= Beginning of Section =
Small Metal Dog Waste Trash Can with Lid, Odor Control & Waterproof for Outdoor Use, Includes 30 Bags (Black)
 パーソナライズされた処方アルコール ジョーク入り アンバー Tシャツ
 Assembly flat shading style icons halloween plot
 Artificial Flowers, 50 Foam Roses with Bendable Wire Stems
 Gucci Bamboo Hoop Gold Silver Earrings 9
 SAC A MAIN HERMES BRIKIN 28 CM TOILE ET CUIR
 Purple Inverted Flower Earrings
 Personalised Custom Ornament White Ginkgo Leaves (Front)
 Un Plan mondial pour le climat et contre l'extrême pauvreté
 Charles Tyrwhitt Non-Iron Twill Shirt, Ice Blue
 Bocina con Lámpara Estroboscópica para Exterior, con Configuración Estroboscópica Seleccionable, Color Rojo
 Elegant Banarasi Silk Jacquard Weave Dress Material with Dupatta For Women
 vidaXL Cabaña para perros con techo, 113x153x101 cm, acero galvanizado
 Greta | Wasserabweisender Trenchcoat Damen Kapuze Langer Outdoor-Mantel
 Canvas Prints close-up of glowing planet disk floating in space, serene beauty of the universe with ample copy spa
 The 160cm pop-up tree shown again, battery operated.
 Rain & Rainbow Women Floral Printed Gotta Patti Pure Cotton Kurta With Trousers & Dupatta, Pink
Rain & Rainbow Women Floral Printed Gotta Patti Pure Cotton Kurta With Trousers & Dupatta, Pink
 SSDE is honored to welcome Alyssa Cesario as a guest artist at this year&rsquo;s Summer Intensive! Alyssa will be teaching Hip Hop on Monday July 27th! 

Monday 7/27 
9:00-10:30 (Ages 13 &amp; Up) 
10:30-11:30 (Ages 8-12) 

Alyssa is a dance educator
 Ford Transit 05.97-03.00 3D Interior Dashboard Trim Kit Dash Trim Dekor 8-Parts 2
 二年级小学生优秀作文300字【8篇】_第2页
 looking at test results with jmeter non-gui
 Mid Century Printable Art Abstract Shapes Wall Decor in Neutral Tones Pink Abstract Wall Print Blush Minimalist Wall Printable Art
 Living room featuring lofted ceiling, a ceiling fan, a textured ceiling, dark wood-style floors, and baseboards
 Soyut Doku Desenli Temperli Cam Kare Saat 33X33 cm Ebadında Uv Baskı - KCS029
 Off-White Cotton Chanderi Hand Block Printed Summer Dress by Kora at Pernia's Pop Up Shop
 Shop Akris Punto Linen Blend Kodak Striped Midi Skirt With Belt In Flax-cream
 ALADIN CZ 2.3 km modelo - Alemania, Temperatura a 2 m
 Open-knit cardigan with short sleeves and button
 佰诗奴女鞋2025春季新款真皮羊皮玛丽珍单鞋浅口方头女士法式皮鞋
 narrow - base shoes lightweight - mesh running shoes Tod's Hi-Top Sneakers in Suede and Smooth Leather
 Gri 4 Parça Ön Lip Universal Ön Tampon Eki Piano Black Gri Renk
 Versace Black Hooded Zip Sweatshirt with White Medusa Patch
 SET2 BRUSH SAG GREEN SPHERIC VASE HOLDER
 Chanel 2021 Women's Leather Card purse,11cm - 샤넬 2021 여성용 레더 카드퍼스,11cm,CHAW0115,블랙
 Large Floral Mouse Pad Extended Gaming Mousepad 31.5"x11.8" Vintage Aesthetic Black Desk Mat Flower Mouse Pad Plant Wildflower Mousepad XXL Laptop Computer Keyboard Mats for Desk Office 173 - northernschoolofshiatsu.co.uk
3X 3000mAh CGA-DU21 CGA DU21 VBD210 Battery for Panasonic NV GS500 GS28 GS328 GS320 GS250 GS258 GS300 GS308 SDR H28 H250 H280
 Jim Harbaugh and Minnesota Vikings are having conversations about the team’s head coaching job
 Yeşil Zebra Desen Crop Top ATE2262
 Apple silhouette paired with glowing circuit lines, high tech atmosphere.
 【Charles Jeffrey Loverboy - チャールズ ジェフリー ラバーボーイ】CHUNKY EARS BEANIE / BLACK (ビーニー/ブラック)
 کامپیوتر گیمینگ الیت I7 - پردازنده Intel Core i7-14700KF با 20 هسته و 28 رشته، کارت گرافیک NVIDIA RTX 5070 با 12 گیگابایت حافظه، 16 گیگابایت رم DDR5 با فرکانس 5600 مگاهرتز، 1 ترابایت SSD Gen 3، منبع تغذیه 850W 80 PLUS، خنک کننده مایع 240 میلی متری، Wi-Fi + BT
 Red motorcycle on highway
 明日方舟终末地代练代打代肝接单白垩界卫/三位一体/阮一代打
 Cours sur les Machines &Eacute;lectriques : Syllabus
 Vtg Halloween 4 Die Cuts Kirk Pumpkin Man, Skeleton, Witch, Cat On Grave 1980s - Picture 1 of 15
= End of Section =
_Work task_
Write out, from the lines above, only those from the line with "Purple Inverted Flower Earrings" to the line with "looking at test results with jmeter non-gui", exactly as given, including the first and the last.

_Answer to the problem_
 Purple Inverted Flower Earrings
 Personalised Custom Ornament White Ginkgo Leaves (Front)
 Un Plan mondial pour le climat et contre l'extrême pauvreté
 Charles Tyrwhitt Non-Iron Twill Shirt, Ice Blue
 Bocina con Lámpara Estroboscópica para Exterior, con Configuración Estroboscópica Seleccionable, Color Rojo
 Elegant Banarasi Silk Jacquard Weave Dress Material with Dupatta For Women
 vidaXL Cabaña para perros con techo, 113x153x101 cm, acero galvanizado
 Greta | Wasserabweisender Trenchcoat Damen Kapuze Langer Outdoor-Mantel
 Canvas Prints close-up of glowing planet disk floating in space, serene beauty of the universe with ample copy spa
 The 160cm pop-up tree shown again, battery operated.
 Rain & Rainbow Women Floral Printed Gotta Patti Pure Cotton Kurta With Trousers & Dupatta, Pink
Rain & Rainbow Women Floral Printed Gotta Patti Pure Cotton Kurta With Trousers & Dupatta, Pink
 SSDE is honored to welcome Alyssa Cesario as a guest artist at this year&rsquo;s Summer Intensive! Alyssa will be teaching Hip Hop on Monday July 27th! 

Monday 7/27 
9:00-10:30 (Ages 13 &amp; Up) 
10:30-11:30 (Ages 8-12) 

Alyssa is a dance educator
 Ford Transit 05.97-03.00 3D Interior Dashboard Trim Kit Dash Trim Dekor 8-Parts 2
 二年级小学生优秀作文300字【8篇】_第2页
 looking at test results with jmeter non-gui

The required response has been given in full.